Provided data START

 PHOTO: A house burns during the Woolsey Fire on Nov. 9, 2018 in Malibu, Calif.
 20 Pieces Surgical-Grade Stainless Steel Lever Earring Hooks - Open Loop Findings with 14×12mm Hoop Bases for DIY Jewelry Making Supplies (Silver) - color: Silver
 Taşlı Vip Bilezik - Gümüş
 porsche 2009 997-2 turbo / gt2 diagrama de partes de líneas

Provided data END
Provided data START

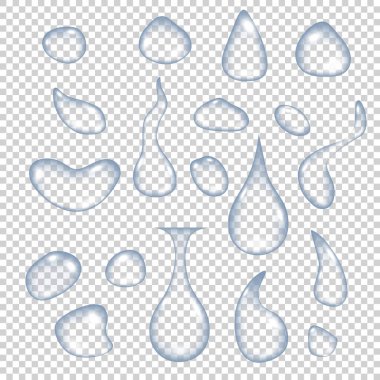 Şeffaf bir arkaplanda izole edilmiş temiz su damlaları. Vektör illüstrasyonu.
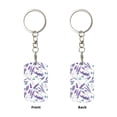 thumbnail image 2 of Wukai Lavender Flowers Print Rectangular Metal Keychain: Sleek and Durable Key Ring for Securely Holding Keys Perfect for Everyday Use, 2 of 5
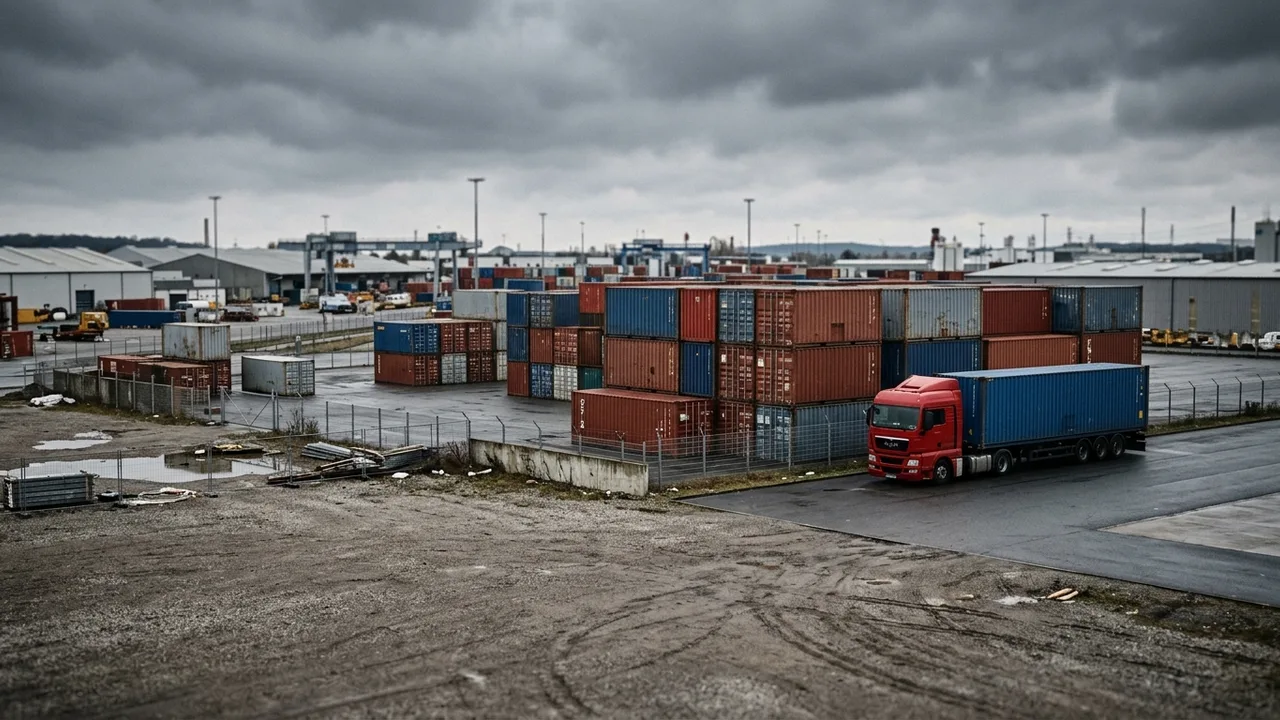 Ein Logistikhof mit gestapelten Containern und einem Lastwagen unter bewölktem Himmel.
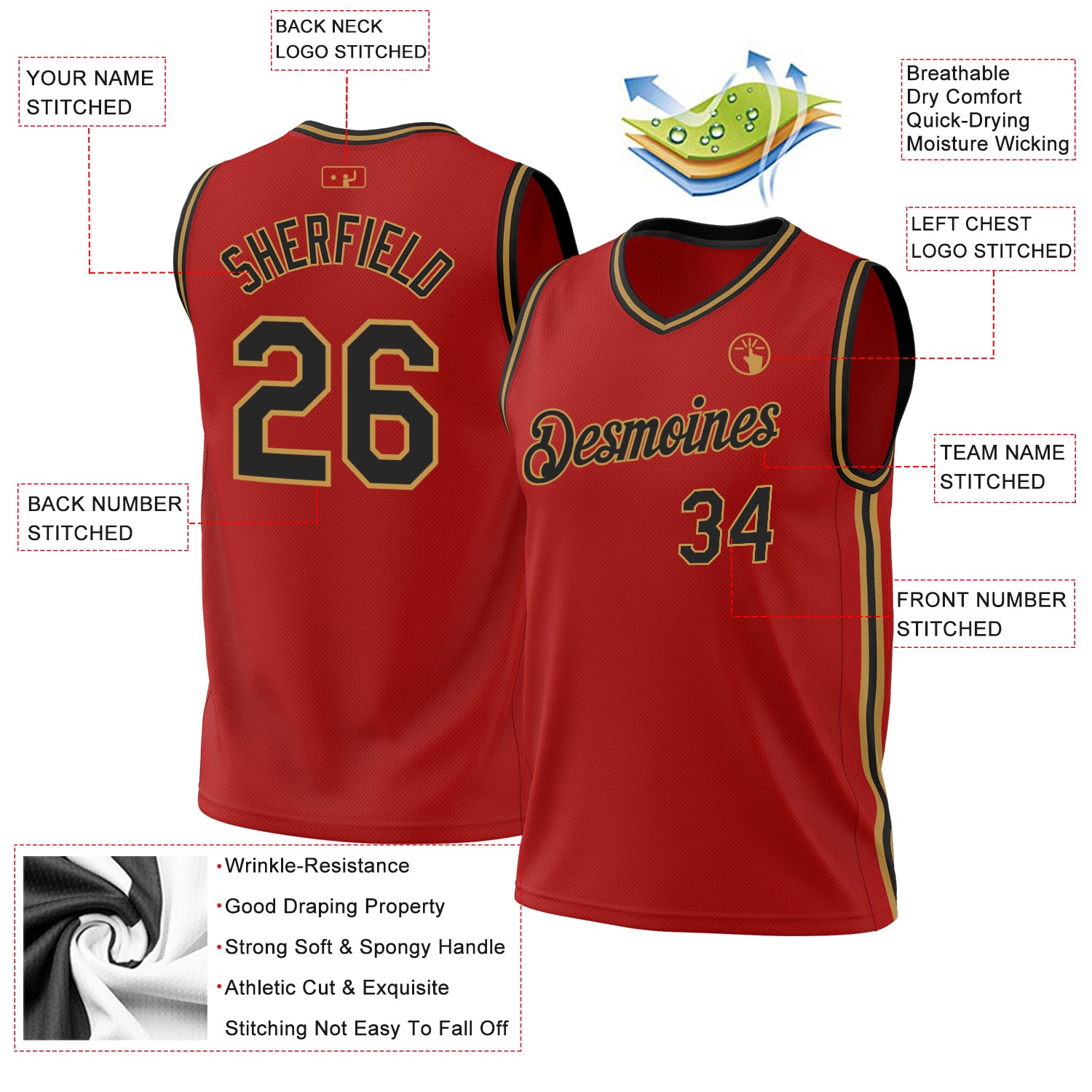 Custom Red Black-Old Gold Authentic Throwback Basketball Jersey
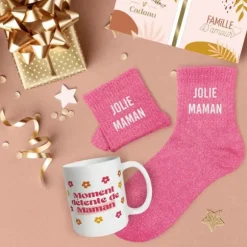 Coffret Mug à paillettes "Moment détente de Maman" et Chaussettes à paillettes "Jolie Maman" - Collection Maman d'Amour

Provided data END

Only the lines above from the line containing "20 Pieces Surgical-Grade" through the line containing "porsche 2009 997-2" should be retyped, exactly and with both ends included.

 20 Pieces Surgical-Grade Stainless Steel Lever Earring Hooks - Open Loop Findings with 14×12mm Hoop Bases for DIY Jewelry Making Supplies (Silver) - color: Silver
 Taşlı Vip Bilezik - Gümüş
 porsche 2009 997-2 turbo / gt2 diagrama de partes de líneas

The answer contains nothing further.